Government scientists said they faced an "ethical dilemma" after a French boy given the therapy in 2000 developed "leukaemia-like" symptoms.

France and the United States said yesterday they were halting trials of the treatment, which has so far been used successfully worldwide on almost 20 people with a rare inherited immune deficiency, sometimes called "bubble-boy disease". It affects babies, who usually fail to survive beyond 12 months without the therapy.

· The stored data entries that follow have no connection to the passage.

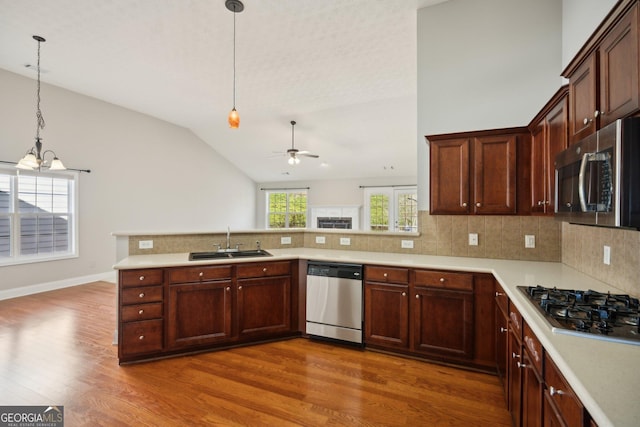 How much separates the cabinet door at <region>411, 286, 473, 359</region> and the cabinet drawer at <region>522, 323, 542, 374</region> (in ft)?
3.46

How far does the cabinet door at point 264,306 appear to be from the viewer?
3160 millimetres

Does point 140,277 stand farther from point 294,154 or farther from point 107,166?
point 107,166

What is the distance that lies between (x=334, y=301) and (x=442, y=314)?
3.35ft

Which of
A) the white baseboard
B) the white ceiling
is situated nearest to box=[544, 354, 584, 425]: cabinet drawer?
the white ceiling

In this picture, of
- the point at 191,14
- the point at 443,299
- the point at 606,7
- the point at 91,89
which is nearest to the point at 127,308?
the point at 443,299

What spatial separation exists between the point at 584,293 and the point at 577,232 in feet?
3.46

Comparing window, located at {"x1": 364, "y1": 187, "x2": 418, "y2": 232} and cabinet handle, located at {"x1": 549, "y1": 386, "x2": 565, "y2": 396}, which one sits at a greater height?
window, located at {"x1": 364, "y1": 187, "x2": 418, "y2": 232}

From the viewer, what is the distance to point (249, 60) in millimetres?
4344

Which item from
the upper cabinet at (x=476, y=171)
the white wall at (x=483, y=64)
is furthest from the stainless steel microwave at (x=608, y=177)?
the white wall at (x=483, y=64)

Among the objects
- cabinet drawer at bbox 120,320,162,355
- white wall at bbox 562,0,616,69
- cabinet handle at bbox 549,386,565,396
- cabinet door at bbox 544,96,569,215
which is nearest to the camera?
cabinet handle at bbox 549,386,565,396

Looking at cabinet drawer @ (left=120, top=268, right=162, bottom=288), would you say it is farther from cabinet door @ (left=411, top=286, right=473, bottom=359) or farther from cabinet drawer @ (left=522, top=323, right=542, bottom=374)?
cabinet drawer @ (left=522, top=323, right=542, bottom=374)

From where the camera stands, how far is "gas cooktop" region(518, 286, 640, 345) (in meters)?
1.24

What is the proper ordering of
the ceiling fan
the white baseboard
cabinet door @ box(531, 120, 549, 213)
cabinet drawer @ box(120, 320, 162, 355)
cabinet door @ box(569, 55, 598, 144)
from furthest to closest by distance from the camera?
the ceiling fan → the white baseboard → cabinet drawer @ box(120, 320, 162, 355) → cabinet door @ box(531, 120, 549, 213) → cabinet door @ box(569, 55, 598, 144)

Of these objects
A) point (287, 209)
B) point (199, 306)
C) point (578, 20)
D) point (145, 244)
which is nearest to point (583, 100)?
point (578, 20) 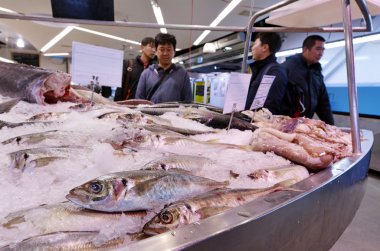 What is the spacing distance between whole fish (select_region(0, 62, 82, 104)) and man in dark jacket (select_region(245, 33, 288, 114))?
65.6 inches

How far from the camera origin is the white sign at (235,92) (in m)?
1.49

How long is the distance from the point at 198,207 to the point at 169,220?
0.31 ft

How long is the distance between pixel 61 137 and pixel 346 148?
4.34ft

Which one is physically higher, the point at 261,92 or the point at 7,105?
the point at 261,92

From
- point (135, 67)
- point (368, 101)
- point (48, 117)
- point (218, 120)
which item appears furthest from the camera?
point (368, 101)

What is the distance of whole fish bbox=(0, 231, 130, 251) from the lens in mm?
575

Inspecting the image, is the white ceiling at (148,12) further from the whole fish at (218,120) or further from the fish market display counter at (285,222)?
the fish market display counter at (285,222)

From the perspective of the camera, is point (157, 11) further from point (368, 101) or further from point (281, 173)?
point (281, 173)

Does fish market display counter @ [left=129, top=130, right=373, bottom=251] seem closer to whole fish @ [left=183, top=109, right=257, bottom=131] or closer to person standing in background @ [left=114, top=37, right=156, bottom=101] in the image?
whole fish @ [left=183, top=109, right=257, bottom=131]

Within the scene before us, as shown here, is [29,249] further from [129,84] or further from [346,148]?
[129,84]

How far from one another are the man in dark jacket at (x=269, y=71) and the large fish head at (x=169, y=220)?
7.56 feet

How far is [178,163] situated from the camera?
1.01 metres

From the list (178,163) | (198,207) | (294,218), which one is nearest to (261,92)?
(178,163)

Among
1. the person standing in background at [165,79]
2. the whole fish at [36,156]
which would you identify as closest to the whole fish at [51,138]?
the whole fish at [36,156] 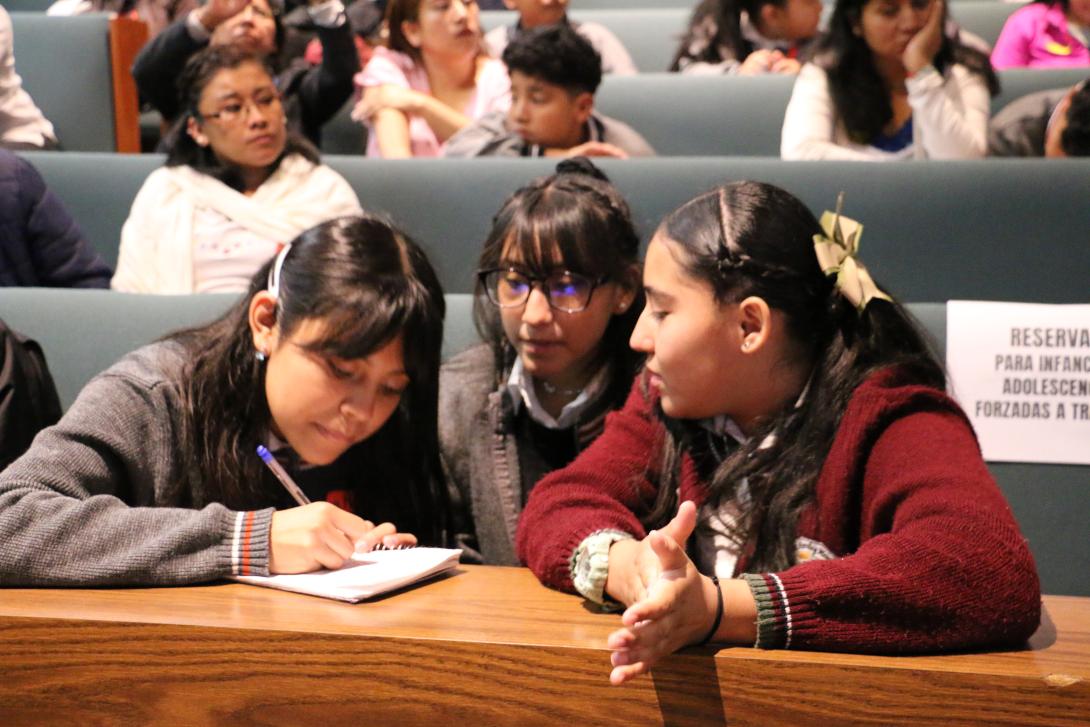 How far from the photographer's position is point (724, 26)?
375 centimetres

But Professor Norman Nevin, who chairs the Gene Therapy Advisory Committee, said after an all-day meeting that it had been decided that stopping the trials would cause more fatalities than carrying on, even though the exact cause of the French child's illness is not known. The child is receiving chemotherapy and is expected to recover.

"An investigation will take 12 to 18 months to find out what happened, and during that time one could be faced with ... children who will die," Professor Nevin said. "Provided the parents are cognisant of the risks, I think that to deny [patients] gene therapy would be unethical."

There are two such trials underway at Great Ormond Street Hospital, which celebrated success in April with Rhys Evans, then 18 months old. The disease, formally known as X-SCID – for X-linked severe combined immunodeficiency – is the only one where gene therapy has consistently worked.

The usual treatment is a bone marrow transplant from a sibling, or even a non-family donor. An extract of the patient's bone marrow is treated with a virus carrying the genes needed to revive the immune system. The genes are incorporated into the DNA of the patient's bone marrow, which is reinserted.

Doctors suspect that in the French case the virus interfered with a gene needed for blood production, causing symptoms similar to leukaemia. Dr Bobby Gaspar, consultant immunologist at Great Ormond Street, said the chance of that was less than one in 10 million.

"Five years ago there were no successful gene therapies," Dr Gaspar said. "Now we have cures. This is the first step to gene therapy for a wide range of diseases."